START Supplied material
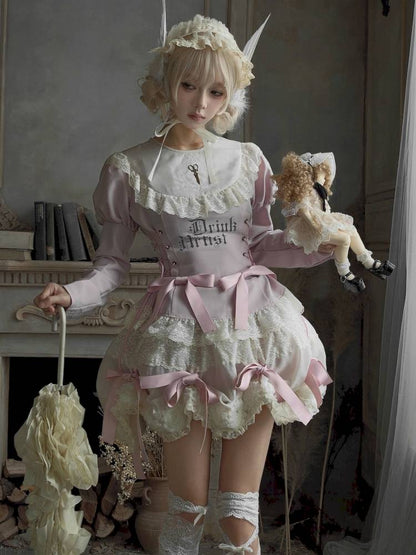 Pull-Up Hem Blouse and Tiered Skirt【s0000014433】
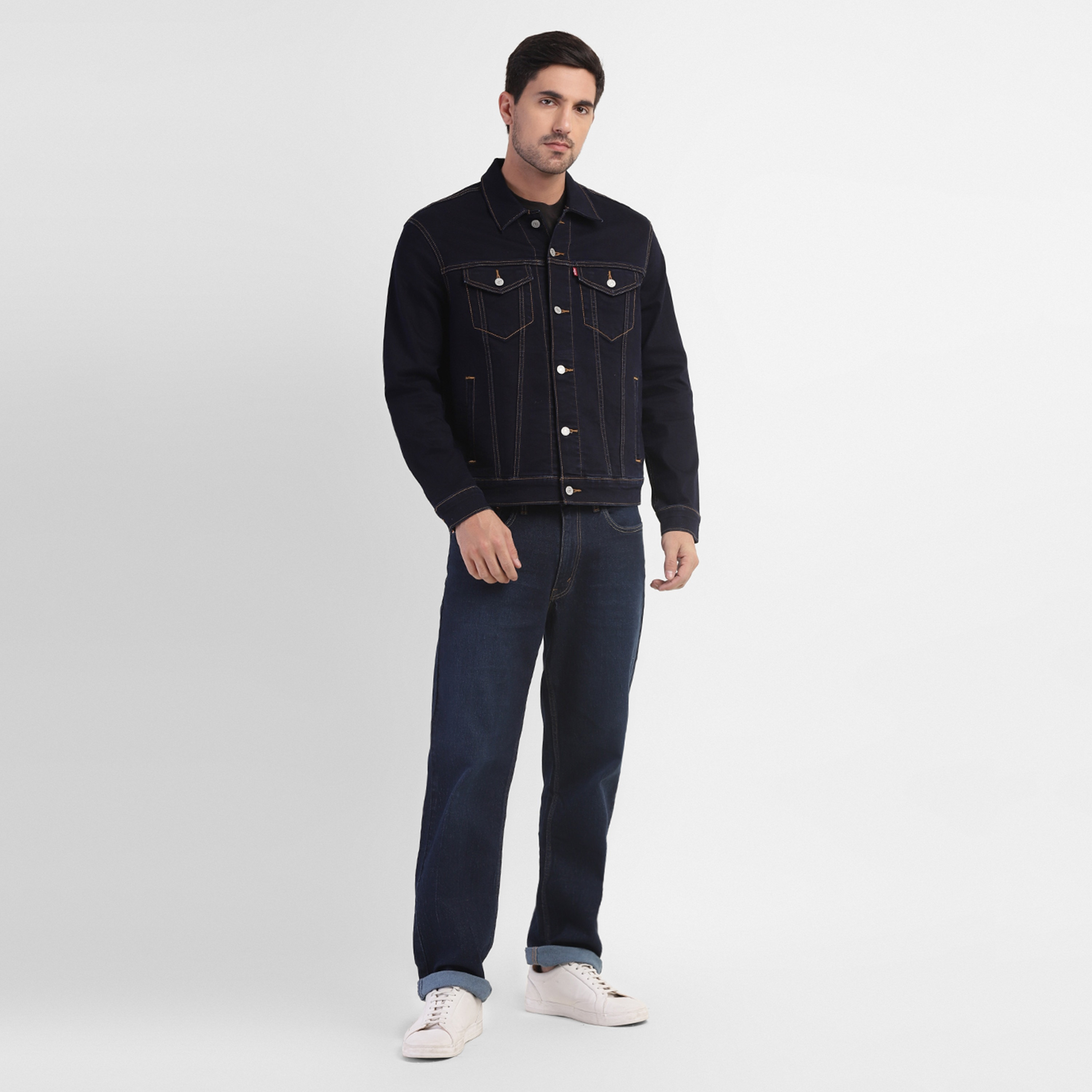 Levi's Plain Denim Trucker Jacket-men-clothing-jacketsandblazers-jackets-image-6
END Supplied material
START Supplied material
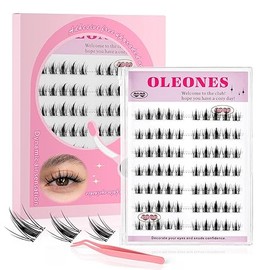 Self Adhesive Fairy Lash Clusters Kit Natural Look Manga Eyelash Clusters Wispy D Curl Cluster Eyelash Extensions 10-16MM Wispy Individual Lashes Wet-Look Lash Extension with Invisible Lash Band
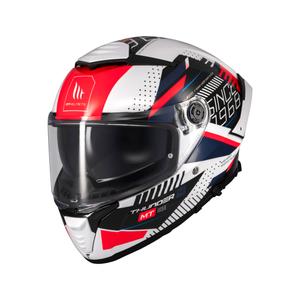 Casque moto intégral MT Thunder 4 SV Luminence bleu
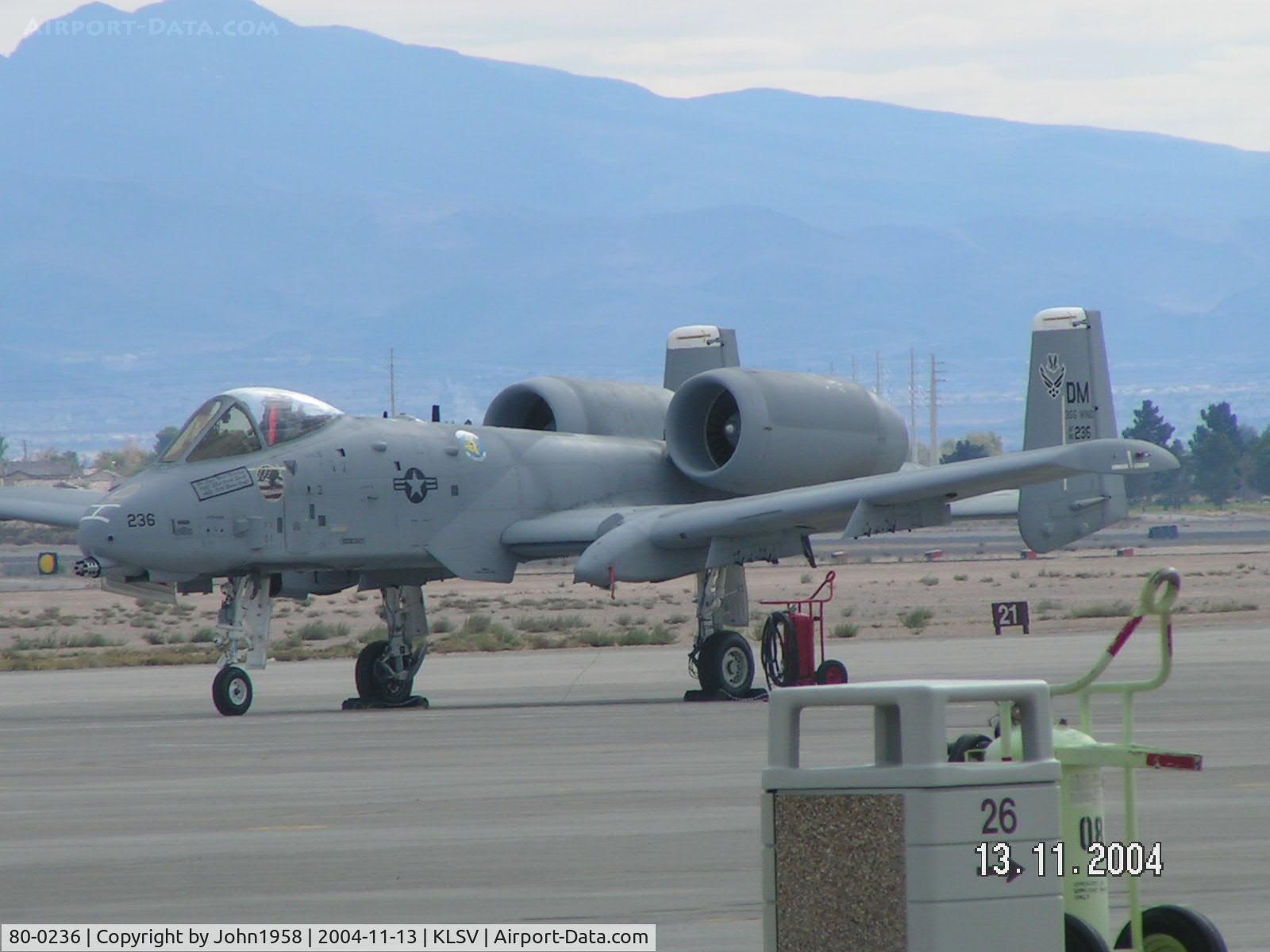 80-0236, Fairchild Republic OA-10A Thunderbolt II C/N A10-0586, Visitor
END Supplied material
** Task brief **
Look above for the line containing "Pull-Up Hem Blouse", then copy exactly from it through the line containing "Levi's Plain Denim", keeping both and leaving out pictures. Add nothing else.

** Your response **
 Pull-Up Hem Blouse and Tiered Skirt【s0000014433】
 Levi's Plain Denim Trucker Jacket-men-clothing-jacketsandblazers-jackets-image-6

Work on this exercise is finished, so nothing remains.